The dataset provides interesting evidence on migration patterns. On average, 3.4 percent of skilled laborers migrate during a five-year period. Higher-skill workers are more likely to migrate, especially in emerging markets. Out-migration rates vary substantially among different countries, being below the global average in the US and China and above it in Germany and India. About one-third of those who migrate are employed by multinational firms in their destination country, and about one in eight of this group were previously employed by the same firm in their home country.

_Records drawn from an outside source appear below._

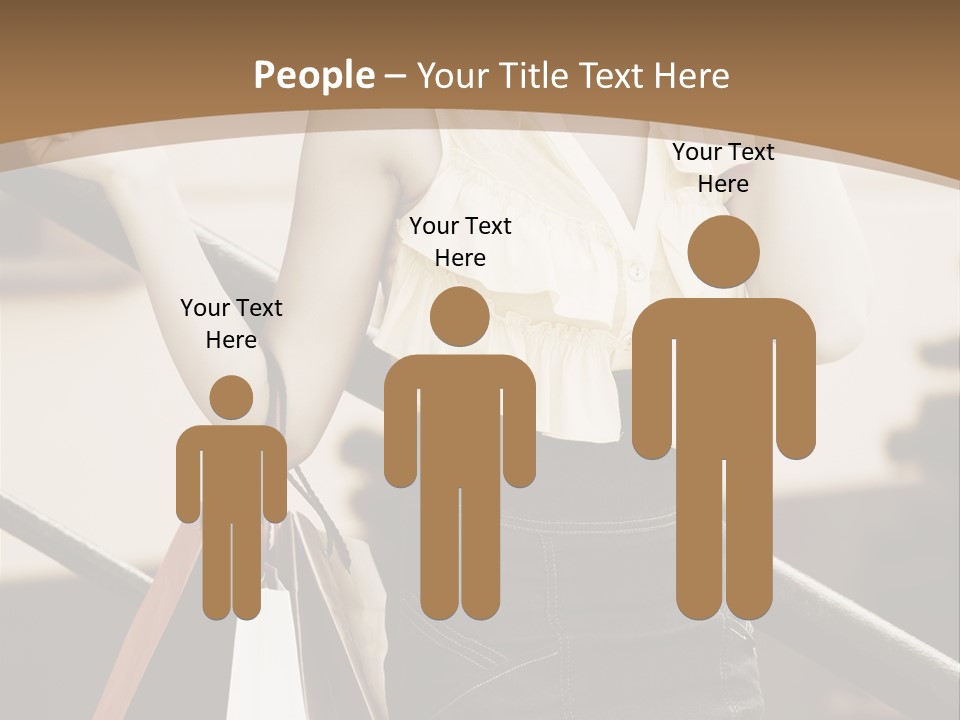 People Mall Cheerful PowerPoint Template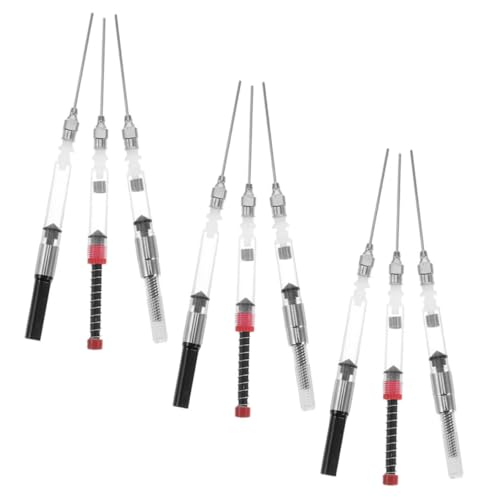 Happyyami 9Stücke Teiliges Tintenabsorber für Füllfederhalter Tintennachfüller für Verschiedene Europäische Standardgrößen Effizientes Nachfüllen für Büro Studium und Zeichnen von Happyyami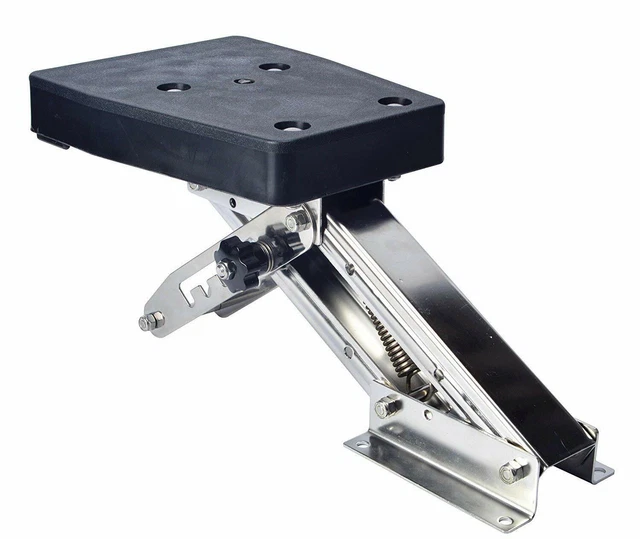 Amarine Made Outboard Motor Bracket Up to 25HP, Auxilary Trolling Mount 2-Stroke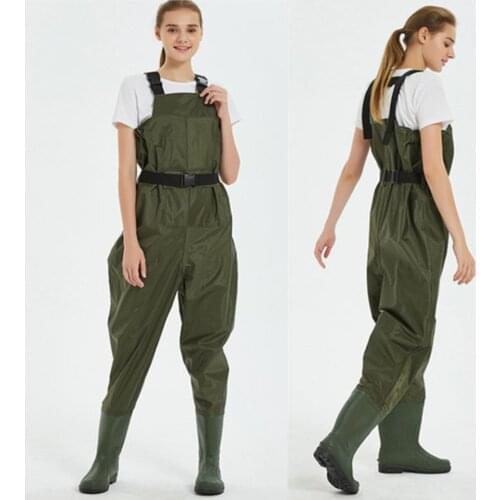 Fly Fishing Chest Waders Breathable Waterproof Stocking Foot River Wader Pants for Men And Women Sea Rock Fishing Boots Shoes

Ten percent of migrants return to their home country within a year, and 33 percent return within five years. A decade after leaving their home country, half have remained in the host country they first moved to, 12 percent have moved to a third country, and 38 percent have returned to their country of origin. Return rates differ substantially by country, with higher return rates in advanced economies and some emerging market economies like Chile and Indonesia. India has a relatively low return migration rate.

Some similarities are evident in migration patterns. Migrants tend to move to countries with higher per capita GDP, and they display a preference for closer destinations and for countries that speak the same language as their home country. Originating from a higher GDP per capita country and sharing a language with the destination country increases workers’ likelihood of returning to their country of origin. Industry growth also affects migration choices, with return migration increasing with growth in a worker’s industry and adjacent industries in the origin country, and decreasing with growth in that industry and adjacent industries in the destination country.

A given worker’s wage can be decomposed into a component due to work location, a component due to the worker’s skills, and a component due to labor market experience. On average, a worker in an emerging market with 10 years of experience who gains an additional year of experience in the home country sees a wage increase of about 1 to 1.8 percent. If, instead, the same worker acquires another year of experience in the US, her wage increase upon her return is about 2.8 percent.

The researchers also study the returns to migrating for education. In emerging markets, an additional year of education at a school ranked in the top 50 globally is associated with a wage increase roughly twice as large as the increase from an additional year in a school not ranked in the top 1,000 globally. The relationship between schooling and wages is weaker in advanced economies outside the US and there is less spread in the wages earned by graduates of higher- and lower-ranked schools than in developing nations.

—Whitney Zhang


This work was supported by the Fisher Center for Real Estate and Urban Economics and the Clausen Center for International Business & Policy at University of California, Berkeley.